Neutral citation: [2023] KEHC 25461 (KLR)

Republic of Kenya

In the High Court at Nairobi (Milimani Law Courts)

Civil

Civil Appeal E573 of 2022

JN Mulwa, J

November 16, 2023

Between

Afriken Impex Limited

Appellant

and

Peter Gitonga Kamwara

Respondent

(An appeal against the Judgment and Decree of the Chief Magistrates Court at Nairobi in CMCC No 1909 of 2014 delivered by Hon H M Nyaberi (SRM) on 30th June, 2022)

Judgment

1. By an Amended Plaint dated June 3, 2014 the respondent instituted a case at the lower court, Milimani CMCC No 1909 of 2014 against the appellant herein claiming general and special damages, costs of the suit and interest thereon, the claim arising from a road traffic accident that occurred on December 15, 2011 along Nairobi-Mombasa Road in Nairobi. It was pleaded that on the material day, the respondent was walking off the road when the appellant’s authorized servant, agent or driver negligently drove its motor vehicle registration number KBP xxxS causing it to lose control and knock the respondent down. As a result the respondent sustained severe injuries for which he held the appellant liable.

2. In its Amended Statement of Defense dated May 25, 2015, the appellant then the defendant averred that at the time of the alleged accident December 15, 2011, the said motor vehicle was in Mombasa in the Defendant’s showroom and not in Nairobi and therefore not involved in the alleged accident.

3. Upon full trial, the lower court held the appellant wholly liable for the accident and awarded the respondent Kshs 1,500,000/- for general damages, and Kshs 437,345/- for special damages plus costs and interest. Aggrieved by the decision, the appellant lodged the instant appeal by a Memorandum of Appeal dated July 22, 2022 in raising the following grounds:a.That the learned trial magistrate erred in law and in fact in finding the appellant herein 100% liable.b.That the learned trial magistrate erred in law and in fact in failing to consider the appellant’s evidence.c.That the learned trial magistrate erred in law and in fact in failing to appreciate and consider that the appellant’s motor vehicle registration number KBP xxxS was not at all or in any way involved in the accident.d.That the learned trial magistrate erred in law and in fact in awarding an amount in general damages that was manifestly excessive given the nature of the injuries.e.That the learned trial magistrate erred in law and in fact in failing to consider the appellant’s submissions and authorities attached thereto wherein the plaintiff sustained comparable injuries to the respondent herein while assessing general damages.f.That the learned trial magistrate’s award was an erroneous estimate of the damages due in the particular case and was manifestly excessive.

4. The appellant prays that this appeal be allowed with costs and the judgment of the trial court be set aside and be substituted with an order dismissing the respondent's Suit.

5. The appellant’s case given by DW1 Atul Amrithal the Director of the appellant company is that the accident motor vehicle KBP xxxS was not along Mombasa Road in Nairobi on the alleged day of the accident as it was in a show room in Mombasa. That the said vehicle was sold to one Mr Singh in May 2012. That the said motor vehicle was impounded in Kisumu where the client who had bought it resides in. On cross examination, the witness stated that he does not keep records of the motor vehicle in the show room and that the vehicles leave once they are sold.

6. The respondent’s case was that the accident did take place on December 15, 2011 and he was hospitalized on the same. The accident motor vehicle was a Saloon car but did not see its colour. On re-examination the witness stated that he was not treated at Kenyatta National Hospital on December 14, 2011 and that the person who issued it factored the date wrongly.Upon the short evidence, parties filed their submissions.

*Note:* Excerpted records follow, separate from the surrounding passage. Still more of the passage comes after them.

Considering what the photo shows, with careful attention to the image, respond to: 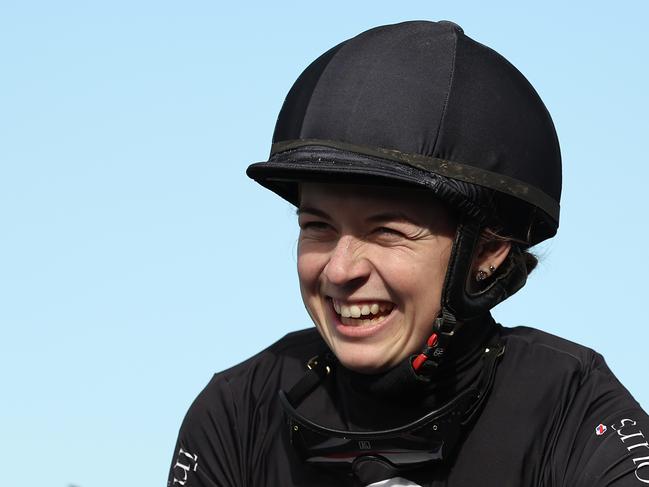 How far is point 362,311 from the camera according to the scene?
5238 mm

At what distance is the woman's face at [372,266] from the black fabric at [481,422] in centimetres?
27

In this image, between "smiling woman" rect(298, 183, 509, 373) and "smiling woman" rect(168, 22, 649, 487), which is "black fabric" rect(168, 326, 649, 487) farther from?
"smiling woman" rect(298, 183, 509, 373)

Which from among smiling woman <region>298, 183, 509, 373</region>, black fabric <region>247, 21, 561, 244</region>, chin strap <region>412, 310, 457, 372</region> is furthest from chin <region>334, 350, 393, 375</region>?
black fabric <region>247, 21, 561, 244</region>

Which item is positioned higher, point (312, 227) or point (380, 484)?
point (312, 227)

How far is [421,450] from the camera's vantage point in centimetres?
537

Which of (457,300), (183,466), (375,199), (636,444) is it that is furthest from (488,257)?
(183,466)

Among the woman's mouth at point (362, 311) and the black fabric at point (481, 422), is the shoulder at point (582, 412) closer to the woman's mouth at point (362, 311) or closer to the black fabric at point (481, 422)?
the black fabric at point (481, 422)

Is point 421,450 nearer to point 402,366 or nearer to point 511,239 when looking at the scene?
point 402,366

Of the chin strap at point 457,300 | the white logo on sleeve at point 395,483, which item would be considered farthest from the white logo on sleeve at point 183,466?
the chin strap at point 457,300

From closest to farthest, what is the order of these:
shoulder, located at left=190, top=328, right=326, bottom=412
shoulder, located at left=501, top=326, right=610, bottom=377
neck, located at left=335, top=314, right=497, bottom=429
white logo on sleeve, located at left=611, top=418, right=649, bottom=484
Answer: white logo on sleeve, located at left=611, top=418, right=649, bottom=484 < neck, located at left=335, top=314, right=497, bottom=429 < shoulder, located at left=501, top=326, right=610, bottom=377 < shoulder, located at left=190, top=328, right=326, bottom=412

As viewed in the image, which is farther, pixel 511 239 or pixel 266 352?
pixel 266 352

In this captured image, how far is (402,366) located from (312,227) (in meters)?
0.55

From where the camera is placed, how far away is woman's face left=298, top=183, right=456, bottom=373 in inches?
204

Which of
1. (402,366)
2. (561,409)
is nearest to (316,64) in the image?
(402,366) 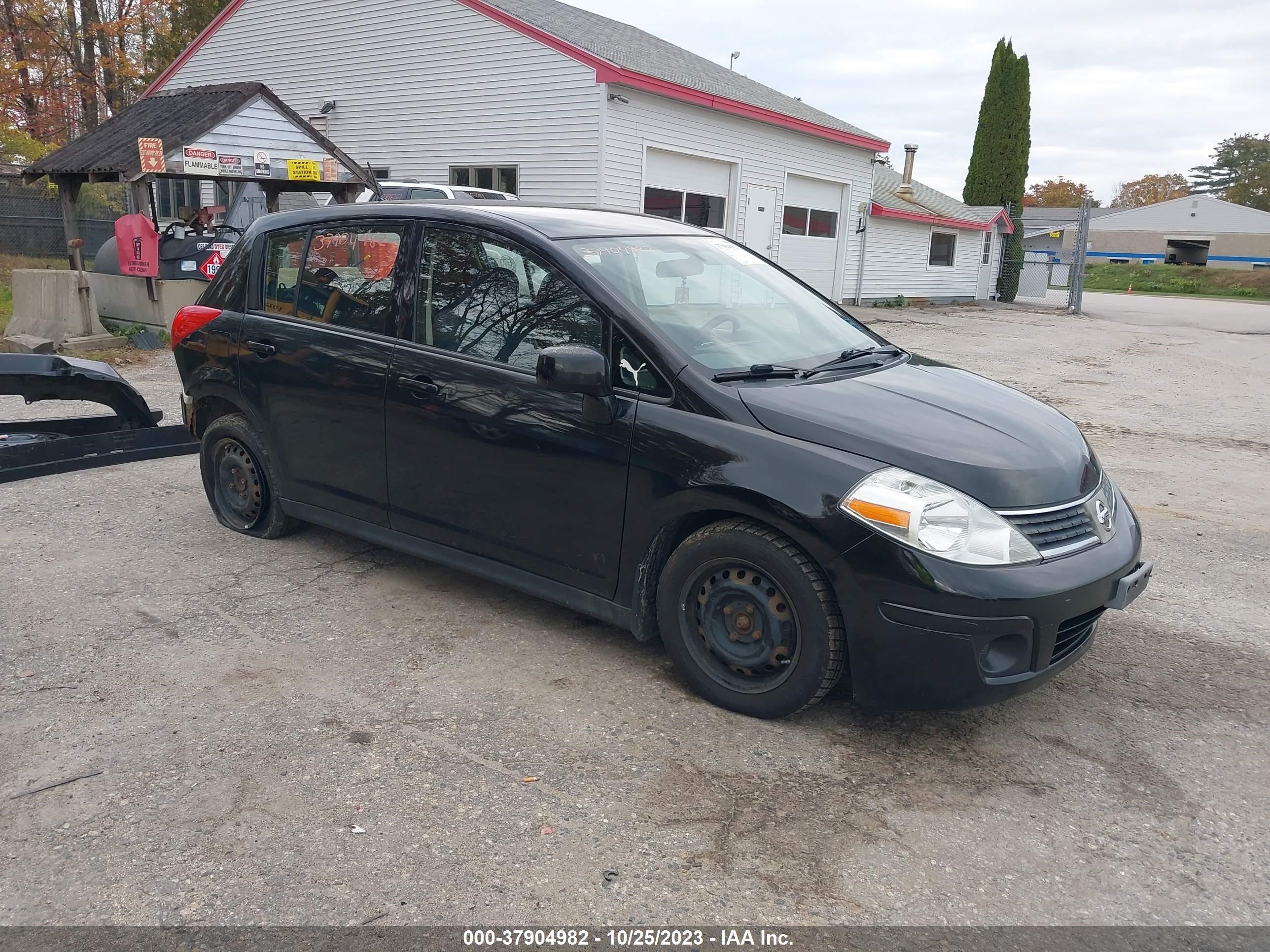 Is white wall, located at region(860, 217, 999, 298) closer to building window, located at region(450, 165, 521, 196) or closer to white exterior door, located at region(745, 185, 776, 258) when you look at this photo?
white exterior door, located at region(745, 185, 776, 258)

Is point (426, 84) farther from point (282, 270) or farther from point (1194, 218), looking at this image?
point (1194, 218)

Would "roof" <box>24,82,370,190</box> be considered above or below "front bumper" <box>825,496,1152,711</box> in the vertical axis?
above

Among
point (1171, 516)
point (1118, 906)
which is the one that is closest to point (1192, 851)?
point (1118, 906)

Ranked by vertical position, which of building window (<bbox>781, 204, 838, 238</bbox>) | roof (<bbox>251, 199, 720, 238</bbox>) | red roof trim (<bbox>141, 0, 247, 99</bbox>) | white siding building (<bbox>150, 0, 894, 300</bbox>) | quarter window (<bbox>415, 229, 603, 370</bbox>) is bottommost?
quarter window (<bbox>415, 229, 603, 370</bbox>)

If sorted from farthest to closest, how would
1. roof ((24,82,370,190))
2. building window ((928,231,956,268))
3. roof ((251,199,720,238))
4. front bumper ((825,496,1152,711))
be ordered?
building window ((928,231,956,268)) < roof ((24,82,370,190)) < roof ((251,199,720,238)) < front bumper ((825,496,1152,711))

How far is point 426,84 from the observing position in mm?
18969

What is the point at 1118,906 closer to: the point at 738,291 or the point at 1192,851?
the point at 1192,851

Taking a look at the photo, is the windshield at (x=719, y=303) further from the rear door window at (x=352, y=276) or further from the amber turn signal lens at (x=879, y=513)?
the rear door window at (x=352, y=276)

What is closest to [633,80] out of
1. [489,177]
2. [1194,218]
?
[489,177]

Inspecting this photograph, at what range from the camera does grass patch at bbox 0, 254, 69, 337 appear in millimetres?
15758

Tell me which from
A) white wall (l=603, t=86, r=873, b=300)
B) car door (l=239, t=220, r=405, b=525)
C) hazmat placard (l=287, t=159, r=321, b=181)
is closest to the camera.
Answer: car door (l=239, t=220, r=405, b=525)

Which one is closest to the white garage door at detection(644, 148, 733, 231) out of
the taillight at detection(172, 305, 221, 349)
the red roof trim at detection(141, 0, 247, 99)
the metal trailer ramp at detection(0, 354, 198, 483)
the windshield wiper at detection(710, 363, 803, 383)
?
the red roof trim at detection(141, 0, 247, 99)

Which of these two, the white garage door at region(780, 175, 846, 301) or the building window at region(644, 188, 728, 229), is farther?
the white garage door at region(780, 175, 846, 301)

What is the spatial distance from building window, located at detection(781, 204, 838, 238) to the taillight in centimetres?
1777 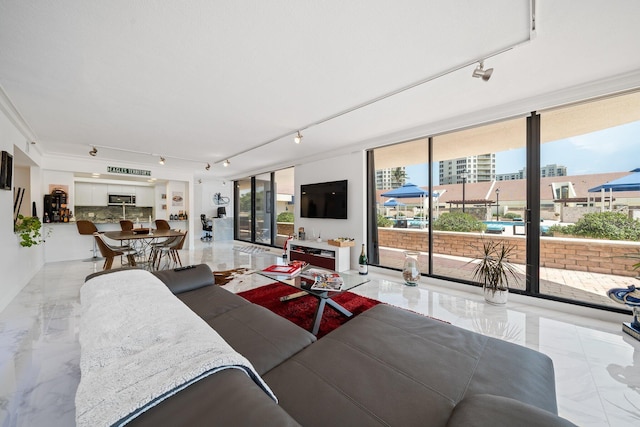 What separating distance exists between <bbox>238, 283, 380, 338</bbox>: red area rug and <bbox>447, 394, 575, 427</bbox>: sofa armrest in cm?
171

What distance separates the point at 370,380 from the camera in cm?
112

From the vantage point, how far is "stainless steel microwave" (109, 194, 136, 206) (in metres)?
7.57

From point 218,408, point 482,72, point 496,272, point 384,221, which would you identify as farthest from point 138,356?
point 384,221

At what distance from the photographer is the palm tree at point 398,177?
15.4 feet

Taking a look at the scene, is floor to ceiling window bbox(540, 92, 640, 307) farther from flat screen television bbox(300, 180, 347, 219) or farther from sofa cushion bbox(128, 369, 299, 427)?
sofa cushion bbox(128, 369, 299, 427)

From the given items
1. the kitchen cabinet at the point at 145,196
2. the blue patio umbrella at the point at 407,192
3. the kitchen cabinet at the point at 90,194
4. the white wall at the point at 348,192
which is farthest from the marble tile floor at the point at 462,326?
the kitchen cabinet at the point at 145,196

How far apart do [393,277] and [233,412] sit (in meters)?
4.19

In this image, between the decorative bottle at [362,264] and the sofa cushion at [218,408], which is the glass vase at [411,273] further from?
the sofa cushion at [218,408]

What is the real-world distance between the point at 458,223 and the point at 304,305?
2.88 m

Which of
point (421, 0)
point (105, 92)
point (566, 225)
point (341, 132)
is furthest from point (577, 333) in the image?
point (105, 92)

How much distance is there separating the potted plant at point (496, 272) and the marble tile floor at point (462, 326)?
0.51ft

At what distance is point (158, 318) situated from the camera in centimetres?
124

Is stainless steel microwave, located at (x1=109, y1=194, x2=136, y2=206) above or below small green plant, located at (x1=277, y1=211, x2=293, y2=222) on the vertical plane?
above

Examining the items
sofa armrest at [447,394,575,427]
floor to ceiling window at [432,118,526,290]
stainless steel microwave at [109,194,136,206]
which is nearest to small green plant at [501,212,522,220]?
floor to ceiling window at [432,118,526,290] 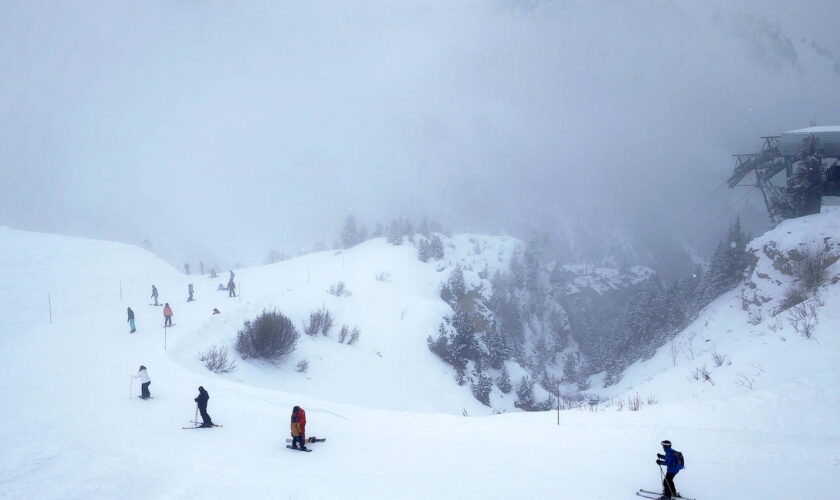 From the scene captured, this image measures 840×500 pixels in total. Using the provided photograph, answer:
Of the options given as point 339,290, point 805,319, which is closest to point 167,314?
point 339,290

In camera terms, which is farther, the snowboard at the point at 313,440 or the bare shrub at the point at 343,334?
the bare shrub at the point at 343,334

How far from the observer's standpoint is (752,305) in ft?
97.2

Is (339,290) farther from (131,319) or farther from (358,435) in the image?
(358,435)

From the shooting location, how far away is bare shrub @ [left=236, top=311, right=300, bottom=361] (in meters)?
22.1

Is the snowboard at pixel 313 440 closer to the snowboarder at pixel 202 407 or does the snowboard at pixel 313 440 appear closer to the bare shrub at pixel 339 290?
the snowboarder at pixel 202 407

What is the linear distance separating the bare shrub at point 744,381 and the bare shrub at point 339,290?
3362 cm

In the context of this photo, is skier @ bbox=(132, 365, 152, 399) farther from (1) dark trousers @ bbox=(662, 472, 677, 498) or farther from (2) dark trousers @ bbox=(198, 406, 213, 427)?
(1) dark trousers @ bbox=(662, 472, 677, 498)

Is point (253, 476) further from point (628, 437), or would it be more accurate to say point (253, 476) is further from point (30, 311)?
point (30, 311)

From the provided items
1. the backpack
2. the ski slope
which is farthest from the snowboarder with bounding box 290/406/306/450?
the backpack

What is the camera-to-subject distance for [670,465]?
19.8 feet

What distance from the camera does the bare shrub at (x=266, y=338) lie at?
2209 cm

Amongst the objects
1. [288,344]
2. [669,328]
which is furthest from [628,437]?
[669,328]

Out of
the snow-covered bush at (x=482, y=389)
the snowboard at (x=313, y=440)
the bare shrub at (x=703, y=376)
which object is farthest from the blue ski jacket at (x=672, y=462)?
the snow-covered bush at (x=482, y=389)

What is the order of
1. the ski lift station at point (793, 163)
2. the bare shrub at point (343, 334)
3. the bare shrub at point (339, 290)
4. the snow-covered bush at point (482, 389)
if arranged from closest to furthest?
1. the ski lift station at point (793, 163)
2. the bare shrub at point (343, 334)
3. the snow-covered bush at point (482, 389)
4. the bare shrub at point (339, 290) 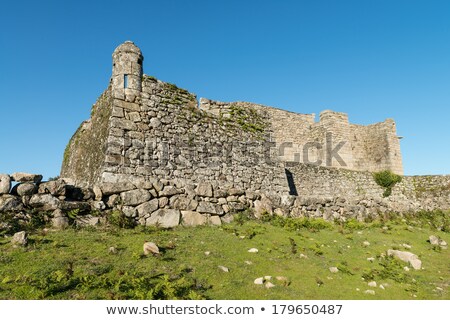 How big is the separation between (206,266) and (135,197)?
3.43 m

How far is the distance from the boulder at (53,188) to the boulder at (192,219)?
121 inches

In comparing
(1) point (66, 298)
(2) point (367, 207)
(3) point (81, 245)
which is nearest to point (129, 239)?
(3) point (81, 245)

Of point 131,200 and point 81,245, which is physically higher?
point 131,200

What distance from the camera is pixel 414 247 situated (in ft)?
30.5

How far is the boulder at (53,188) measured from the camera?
740cm

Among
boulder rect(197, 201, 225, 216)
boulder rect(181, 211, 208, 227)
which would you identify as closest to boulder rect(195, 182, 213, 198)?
boulder rect(197, 201, 225, 216)

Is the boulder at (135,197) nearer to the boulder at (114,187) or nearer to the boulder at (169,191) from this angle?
the boulder at (114,187)

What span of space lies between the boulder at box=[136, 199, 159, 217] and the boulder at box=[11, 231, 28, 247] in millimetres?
2848

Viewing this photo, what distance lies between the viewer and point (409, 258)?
7.73 m

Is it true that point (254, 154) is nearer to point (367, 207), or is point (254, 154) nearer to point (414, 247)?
point (367, 207)

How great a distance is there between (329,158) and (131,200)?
86.6 feet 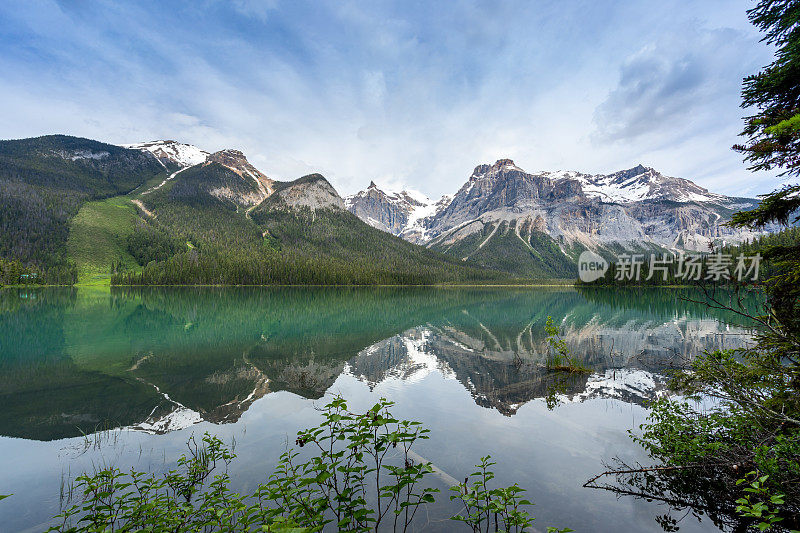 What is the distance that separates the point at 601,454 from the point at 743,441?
419 cm

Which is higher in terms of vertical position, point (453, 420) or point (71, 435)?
point (453, 420)

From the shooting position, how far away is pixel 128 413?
52.4 feet

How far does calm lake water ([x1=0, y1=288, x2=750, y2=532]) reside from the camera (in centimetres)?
1030

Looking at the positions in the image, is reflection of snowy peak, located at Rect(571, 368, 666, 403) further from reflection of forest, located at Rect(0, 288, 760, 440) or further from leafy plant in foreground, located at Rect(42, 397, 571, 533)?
leafy plant in foreground, located at Rect(42, 397, 571, 533)

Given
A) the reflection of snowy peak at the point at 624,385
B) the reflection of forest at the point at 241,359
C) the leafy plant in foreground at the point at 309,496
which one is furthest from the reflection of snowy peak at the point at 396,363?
the leafy plant in foreground at the point at 309,496

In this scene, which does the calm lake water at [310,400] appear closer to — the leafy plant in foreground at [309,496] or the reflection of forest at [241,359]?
the reflection of forest at [241,359]

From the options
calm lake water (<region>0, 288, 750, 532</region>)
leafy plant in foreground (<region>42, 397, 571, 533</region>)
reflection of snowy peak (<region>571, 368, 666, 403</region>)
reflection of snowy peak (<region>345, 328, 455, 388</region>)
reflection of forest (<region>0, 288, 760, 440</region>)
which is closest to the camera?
leafy plant in foreground (<region>42, 397, 571, 533</region>)

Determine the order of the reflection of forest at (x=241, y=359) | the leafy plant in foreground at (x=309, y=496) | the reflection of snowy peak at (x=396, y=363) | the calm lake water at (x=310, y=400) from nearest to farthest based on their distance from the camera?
the leafy plant in foreground at (x=309, y=496), the calm lake water at (x=310, y=400), the reflection of forest at (x=241, y=359), the reflection of snowy peak at (x=396, y=363)

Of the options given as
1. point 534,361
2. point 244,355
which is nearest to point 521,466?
point 534,361

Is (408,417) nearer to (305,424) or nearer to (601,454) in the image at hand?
(305,424)

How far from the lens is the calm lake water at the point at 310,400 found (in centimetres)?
1030

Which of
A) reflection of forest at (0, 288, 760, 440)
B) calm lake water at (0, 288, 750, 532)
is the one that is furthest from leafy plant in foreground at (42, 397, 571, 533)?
reflection of forest at (0, 288, 760, 440)

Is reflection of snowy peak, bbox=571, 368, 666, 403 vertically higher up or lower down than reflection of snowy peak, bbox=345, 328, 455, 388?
higher up

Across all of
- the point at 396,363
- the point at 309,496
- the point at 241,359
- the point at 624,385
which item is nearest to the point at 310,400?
the point at 396,363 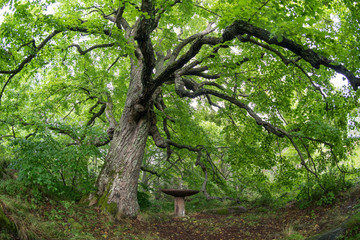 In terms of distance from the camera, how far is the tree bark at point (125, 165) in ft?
22.2

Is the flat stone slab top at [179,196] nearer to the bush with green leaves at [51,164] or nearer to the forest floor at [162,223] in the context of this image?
the forest floor at [162,223]

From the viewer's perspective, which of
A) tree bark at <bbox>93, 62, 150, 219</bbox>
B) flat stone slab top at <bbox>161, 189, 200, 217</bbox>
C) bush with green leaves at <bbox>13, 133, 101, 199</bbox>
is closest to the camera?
bush with green leaves at <bbox>13, 133, 101, 199</bbox>

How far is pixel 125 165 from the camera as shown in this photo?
7109 millimetres

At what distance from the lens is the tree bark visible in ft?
22.2

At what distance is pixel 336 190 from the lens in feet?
22.7

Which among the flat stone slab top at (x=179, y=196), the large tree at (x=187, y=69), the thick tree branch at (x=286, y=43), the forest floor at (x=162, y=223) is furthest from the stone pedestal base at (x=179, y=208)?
the thick tree branch at (x=286, y=43)

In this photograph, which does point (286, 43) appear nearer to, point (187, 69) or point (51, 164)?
point (187, 69)

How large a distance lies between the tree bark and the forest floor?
0.38 metres

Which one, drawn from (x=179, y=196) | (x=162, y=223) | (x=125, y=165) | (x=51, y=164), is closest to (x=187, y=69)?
(x=125, y=165)

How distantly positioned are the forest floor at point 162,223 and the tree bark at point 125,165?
14.9 inches

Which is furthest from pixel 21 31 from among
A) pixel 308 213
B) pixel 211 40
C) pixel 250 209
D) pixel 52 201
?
pixel 250 209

Analysis And Determination 7. This court is the first appellate court. It is required to re-evaluate and re-analyze the entire evidence adduced before the trial court, draw its own conclusions bearing in mind that the judge never saw or F heard the witnesses testify; and taking into account that it is not bound to follow the findings of fact as found by the trial court- Selle v Associates Motor Boat Company [1968] EA 123. The court has examined the Record of Appeal and the grounds of appeal. It has also given due consideration to the parties’ respective submissions and authorities cited and flags only two issues for determination thus:a.Whether the trial magistrate erred in law and fact in holding the appellant wholly to blame for the accident.b.Whether the awards by the trial magistrate are excessively high as to invite the court to interfere with the same.

Liability 8. The general rule is that a trial court’s finding on liability should not be interfered with save in exceptional cases as it is an exercise of discretion. In Khambi andanother v Mahithi andanother [1968] EA 70, it was held thus:“It is well settled that where a trial Judge has apportioned liability according to the fault of the parties his apportionment should not be interfered with on appeal, save in exceptional cases, as where there is some error in principle or the apportionment is manifestly erroneous, and an appellate court will not consider itself free to substitute its own apportionment for that made by the trial Judge.”

9. On cross-examination, DW1 stated that he does not keep records of motor vehicle in the go down. It is clear that the Appellant did not produce any form of evidence to indicate that indeed the said motor vehicle was at the go down on the day of the accident. The evidence by DW2 Richard Mariga the private investigator stated that he spoke to a witness who confirmed that indeed there was an accident but the car drove off and that he also visited the hospital where he saw the receipt dated December 14, 2011. He confirmed that the respondent was admitted from December 15, 2011 to March 13, 2012 and that he was at the causality as from 11:43 p.m and was admitted shortly and his scope was to verify the documents.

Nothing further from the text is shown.